Andre Ewell goes to battle once again this weekend at UFC 247. Ewell (15-6) will be kicking off the card which features two title fights and the likes of Jon Jones, Valentina Shevchenko, and fan-favorite, Derrick Lewis.
Fighting is nothing new for Ewell whose family regularly moved when he was a child. Every school had a bully and that bully always wanted a piece of the new kid. Tired of being picked on, Ewell eventually began taking martial arts to learn to defend himself.
“I ended up starting with wrestling and moved on into Taekwondo/boxing and boxing kind of took over everything. I was a big fan of Roy Jones back then, well, I still am. That was his era, he was taking over,” Ewell told The Body Lock.
Ewell got more into athletics but ended up focusing on boxing full time. After the birth of his son, “Daii” took some time away from pugilism. In an unfortunate turn of events, Ewell lost custody of his son and felt the judge was looking down on him for his lack of accomplishments in life. This lit a fire under the Californian.
“I ended up having to figure out what I was good at, and fighting was something I was good at because my whole life had been about me fighting. So I was pushed back into that situation. When I came back from retirement, it was MMA. I knew that was going to be the fastest way for me to get to the top and here I am, still trying to make my way to the top.”
Gunning for the top
Ewell gets another chance towards that dream of making it to the top when he meets Jonathan Martinez this Saturday. He sees Martinez as an exciting fighter who matches up well with him stylistically.
“If he’s looking for that brawl then I’m definitely the guy that will honestly bring him the type of fight that he wants. I definitely see straight excitement in this one. On paper, anything is anything. It’s all about how you perform and I’m doing everything to assure I perform better than I did in my last fight and the one before that.

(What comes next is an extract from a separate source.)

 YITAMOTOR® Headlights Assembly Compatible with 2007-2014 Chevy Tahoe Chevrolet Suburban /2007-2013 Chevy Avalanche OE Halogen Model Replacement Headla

My aim is to be the best on camera, the best me.”
Over the last couple of years, the UFC’s bantamweight division has become must-see TV. The top ten is full of men who could on any given night be crowned champion. For Ewell, the killers that await don’t matter. They’re just bodies in the way of him realizing his dream.
“They (those ranked ahead of him) are just people I know I’m going to have to fight. I have to take their spot. To be the best, you have to beat the best. Right now, it’s the best that’s in front of me. It’s just numbers in front of me. As soon as I get the chance, I’m taking that spot,” Ewell stated.

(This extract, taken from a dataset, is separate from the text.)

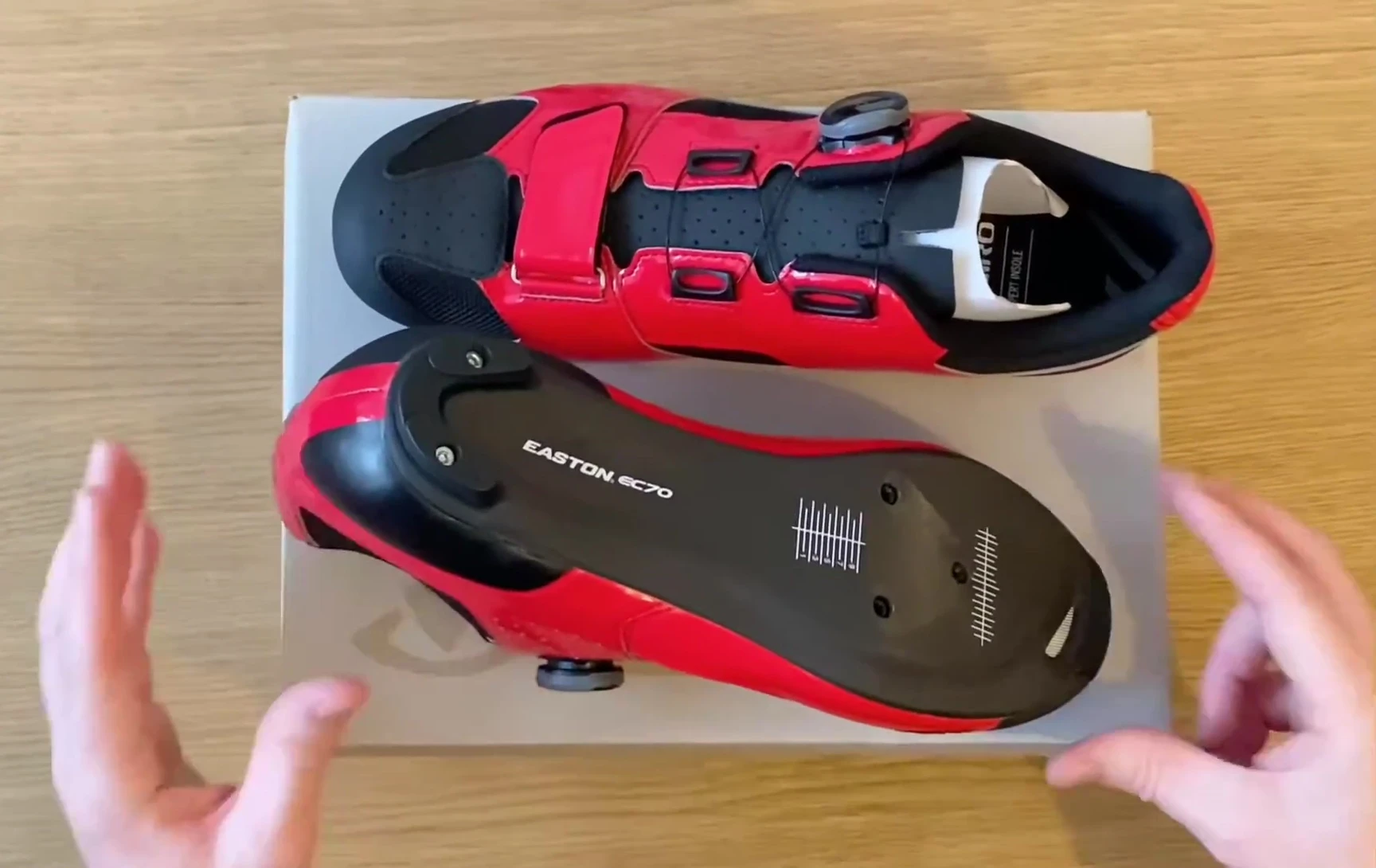 Close up of the sole of the shoe, showing the Easton EC70 branding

Not only are there plenty of new challenges on the horizon, but Ewell would also like the chance to run back his loss to Marlon Vera. He feels he beats “Chito” ‘nine out of nine’ times in rematches but makes no excuses for the loss and admits Vera had the better night during their first meeting.

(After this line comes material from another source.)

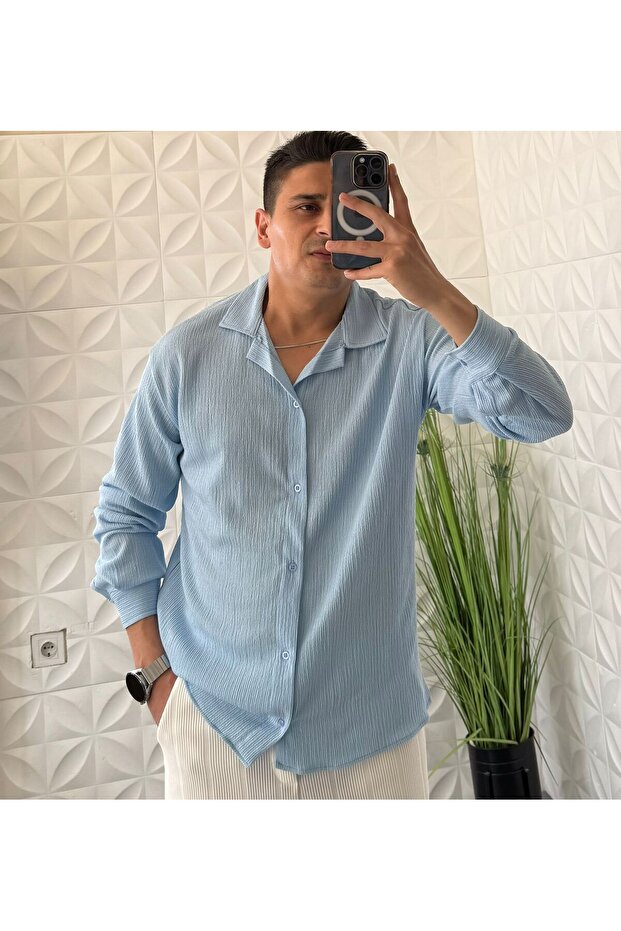 قميص رجالي صيفي من قماش الكرينكل ليكرا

“We have to run that one back. It’s something we have to end up doing and he knows why.”
No matter the cost
A newly christened purple belt in jiu-jitsu, Ewell says we’ll be seeing more of his groundwork as his game advances. But he also wants to excite and wow the crowds; even if it comes at his own detriment.
“I feel I owe the world submissions and KOs but first is KOs. That’s what I owe them. I have to get back to how it started; me throwing hands and people getting dropped. But I’m not going to exclude certain areas from my game. So you’re definitely going to see my ground game but nine times out of ten, I’m just going to be using my ground game to set up these hands. My end game is just to be ready for all of it.”
“But I always try and keep it exciting. When I fought “Chito,” his fans were all hating and when I fought Renan Barao, his fans were all hating and there were ‘kill him’ chants in Brazil. But I kept it so exciting, when I was walking out, people were asking to take pictures with me, saying ‘great fight,’ they ended up loving me and asking me to come back.”
With another child on the way, Ewell is more motivated than ever. He says he spends all of his time training or getting tattooed and once his son is born, Ewell will be bringing him to the gym with him so he doesn’t miss any rounds.
It’s these sacrifices that will pay off in the future. It’s the hours in the gym, the lack of social life and the blood spilled that is all for a greater cause.
“I have to leave a legacy behind for the young ones. I’m going to have two sons and they’re definitely going to have a father they can look up to.”